__REQUIREMENT__:
Exactly the lines from the one with "Gubernur Kalimantan Barat, Ria" to the end of the entries should appear in your answer, retyped word for word.

__DATA FOR THE TASK__:
..............................
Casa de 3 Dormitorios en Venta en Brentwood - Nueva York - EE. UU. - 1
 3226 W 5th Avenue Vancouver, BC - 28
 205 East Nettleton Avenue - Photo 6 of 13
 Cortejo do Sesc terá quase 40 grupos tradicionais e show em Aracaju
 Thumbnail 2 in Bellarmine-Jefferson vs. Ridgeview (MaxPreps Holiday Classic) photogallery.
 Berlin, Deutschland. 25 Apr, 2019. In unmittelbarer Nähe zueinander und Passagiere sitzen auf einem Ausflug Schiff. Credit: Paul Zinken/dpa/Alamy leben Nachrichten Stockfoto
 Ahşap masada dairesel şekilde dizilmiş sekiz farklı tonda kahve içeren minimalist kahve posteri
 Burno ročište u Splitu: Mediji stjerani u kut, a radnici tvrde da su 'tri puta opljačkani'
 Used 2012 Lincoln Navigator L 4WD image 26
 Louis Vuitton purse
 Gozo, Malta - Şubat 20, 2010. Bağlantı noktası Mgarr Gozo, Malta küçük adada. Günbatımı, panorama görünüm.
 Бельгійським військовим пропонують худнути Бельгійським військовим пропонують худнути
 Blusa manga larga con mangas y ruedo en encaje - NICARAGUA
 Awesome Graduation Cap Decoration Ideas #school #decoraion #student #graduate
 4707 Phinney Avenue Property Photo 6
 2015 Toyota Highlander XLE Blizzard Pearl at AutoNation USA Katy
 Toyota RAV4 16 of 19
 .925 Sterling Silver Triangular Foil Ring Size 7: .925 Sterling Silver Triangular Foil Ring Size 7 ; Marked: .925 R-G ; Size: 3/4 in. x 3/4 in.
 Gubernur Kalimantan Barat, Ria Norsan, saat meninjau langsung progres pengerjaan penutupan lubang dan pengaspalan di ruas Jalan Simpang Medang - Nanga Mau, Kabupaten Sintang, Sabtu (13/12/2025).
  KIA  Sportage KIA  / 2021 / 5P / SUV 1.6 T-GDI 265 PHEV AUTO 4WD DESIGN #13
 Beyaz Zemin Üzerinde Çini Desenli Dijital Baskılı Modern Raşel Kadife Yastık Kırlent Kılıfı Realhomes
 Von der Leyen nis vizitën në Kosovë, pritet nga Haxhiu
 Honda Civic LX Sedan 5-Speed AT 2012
..............................
__TASK OUTPUT__:
 Gubernur Kalimantan Barat, Ria Norsan, saat meninjau langsung progres pengerjaan penutupan lubang dan pengaspalan di ruas Jalan Simpang Medang - Nanga Mau, Kabupaten Sintang, Sabtu (13/12/2025).
  KIA  Sportage KIA  / 2021 / 5P / SUV 1.6 T-GDI 265 PHEV AUTO 4WD DESIGN #13
 Beyaz Zemin Üzerinde Çini Desenli Dijital Baskılı Modern Raşel Kadife Yastık Kırlent Kılıfı Realhomes
 Von der Leyen nis vizitën në Kosovë, pritet nga Haxhiu
 Honda Civic LX Sedan 5-Speed AT 2012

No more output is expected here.